A Blog by Jonathan Low

 

Aug 23, 2016

Are Brands Optimizing Their Marketing To Death?

Yes, there can be too much of a good thing, even - or perhaps, especially - across channels, platforms and media. JL

Jack Neff reports in Advertising Age:

Key trends in marketing efficiency present a recipe for diminishing media returns by increasing the risk of pummeling the same consumers too often with the same message. The problem isn't entirely narrowness of the targeting. It's also too much spending on media relative to creative. More targeted media need multiple creative approaches to avoid wear-out, particularly if they need to keep their brands top of mind in categories with short purchase cycles.
Data has been hailed as marketing's holy grail for decades, a means to pinpoint even the smallest of audiences and efficiently deliver a message to those most likely to buy. But the news last week that Procter & Gamble is scaling back targeted Facebook ads -- though not Facebook ads overall -- raises a question over whether marketers might be optimizing marketing to death.
Key trends in marketing efficiency present a veritable recipe for diminishing media returns by increasing the risk of pummeling the same consumers too often with the same message. Major marketers have been looking to cut so-called nonworking creative costs by making fewer ads, using the savings to buy more media, targeting those media buys to heavy buyers and increasing spending on mobile to reach them.
But that cycle can burn out buyers. Though it wasn't looking at Facebook, an Advertising Research Foundation study released earlier this year found that once a digital banner ad reaches the same person 40 times or more in a month, sales actually decline. The value of each additional impression starts to decline well before entering that negative territory, of course. This overkill actually rendered about a quarter of the viewable impressions in the study entirely worthless or counterproductive.
Similarly, several brand studies by analytics firm Marketing Evolution, which has worked for the Mobile Marketing Association, have found returns from mobile advertising tend to maximize at lower-dollar outlays than for other less-fragmented, higher-cost and higher-reach media such as TV. That's not necessarily a bad thing: Marketing Evolution CEO Rex Briggs said it happens because mobile ads tend to reach their targets more often and at lower cost, hence they hit the "wear-out" factor faster.
It's often cheaper to reach that level of overkill on mobile and digital media, but it's not impossible to do it on TV, either, with narrowly focused cable TV or other low-rated buys that can end up serving lots of impressions to the same people.
The problem isn't entirely the narrowness of the targeting. It's also too much spending on media relative to creative.
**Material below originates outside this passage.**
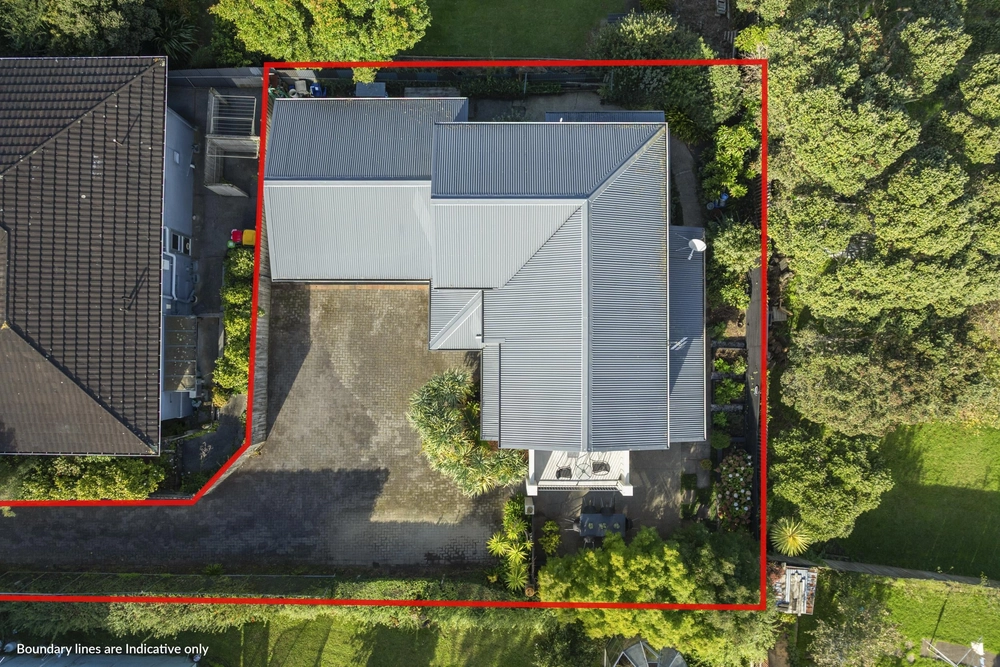 Photos of 44A Bleakhouse Road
Brands using more targeted media need multiple ads and creative approaches to avoid wear-out or advance a storyline, particularly if they value frequency of impressions or need to keep their brands top of mind in product categories with short purchase cycles, said Mr. Briggs."There's a dilemma for certain brands, where they have been so disciplined around a common core message and benefit," said Mr. Briggs. "If you're providing the exact same message all the time, then the value of targeting is dramatically diminished."
Rather than repeating the same messages, he said, marketers need to "sequence the messages so they build on one another. That is often more successful, but it comes with more creative costs, what the traditional marketer would call nonworking media."
Leslie Wood, chief research officer of Nielsen Catalina Solutions, which measures the sale impact of ads by matching Nielsen audience panels with Catalina shopper-card data, said that from a pure efficiency standpoint, brands generally get the highest returns by targeting ads to their heaviest buyers. But if they stop there, they have trouble building their brands, because they also need to reach out to category buyers who are buying rival brands.
Mr. Briggs acknowledged there may be cases where increased cost both of the targeting and the added creative may not pay off, and it may make sense to accept reaching more people outside the primary target because it costs less and still delivers acceptable impact.
"Maybe 85% of your sales come from women ages 25 to 54," he said. "But the other 15% come from men." It makes sense for marketers to plan around "concentric circles," and once they've inundated their core target, spend perhaps less efficiently to reach a broader audience that still contains potential brand buyers, he said.